There is no shortage of data sources, but putting that data to work is a challenge. The modern marketer’s challenge isn’t a lack of first-party data: it’s fully integrating this data across departments to glean insights, plan campaigns, and suppress messages from reaching the wrong audiences,

Fully integrated data is more common among high performers, suggesting that investing in the right tools can pay off and investing in unification can give marketers an edge.

While AI tools are gaining popularity, Google remains the dominant player for information discovery online, with YouTube (also owned by Google) ranking as the second largest search engine globally.

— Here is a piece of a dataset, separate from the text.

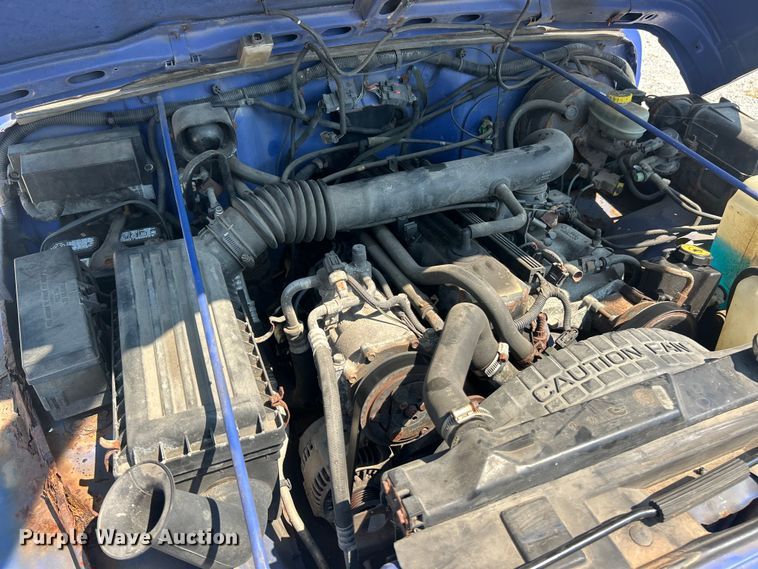 image for item ET3038 1998 Jeep Wrangler Sport SUV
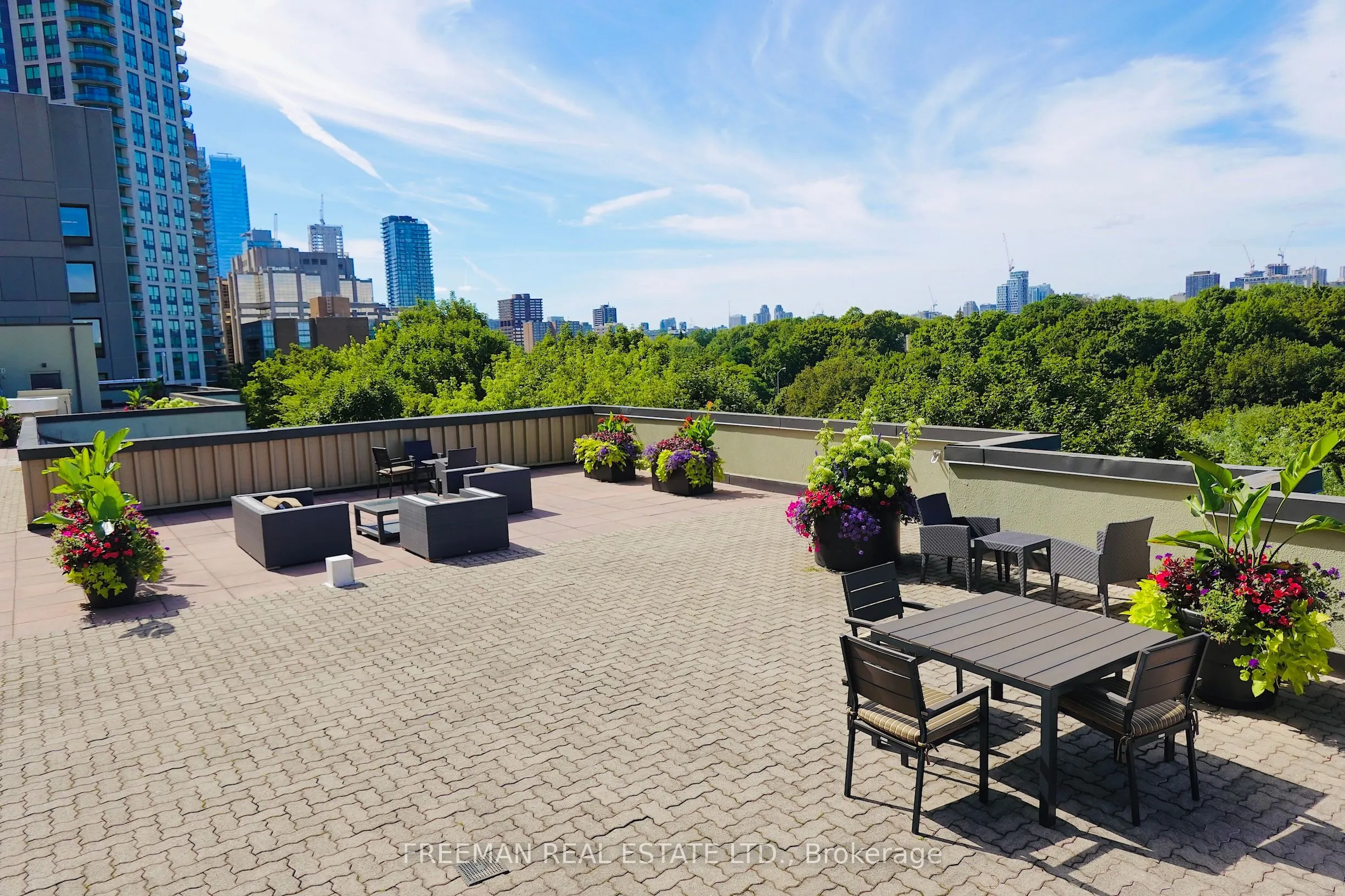 360 Bloor Street E, #204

What has changed, however, is how users interact with search results. Zero-click searches are increasing as Google displays more information directly in search results through AI overviews and featured snippets. But this doesn’t necessarily mean less traffic to websites overall.

While the percentage of zero-click searches has increased, the total volume of searches has grown even faster, resulting in more traffic to websites than ever before. Nearly half of marketers have noticed that consumer use of AI for search has already impacted their search traffic — positively.  AI overviews are primarily disrupting informational searches rather than commercial or transactional queries. This is a crucial distinction for businesses concerned about losing traffic.

The data clearly shows that organic search remains a vital channel for businesses in 2025. However, the approach to SEO must evolve to account for AI advancements, changing user behaviors, and new search platforms.

 19% of marketers plan to build an SEO strategy for generative AI in search in 2025.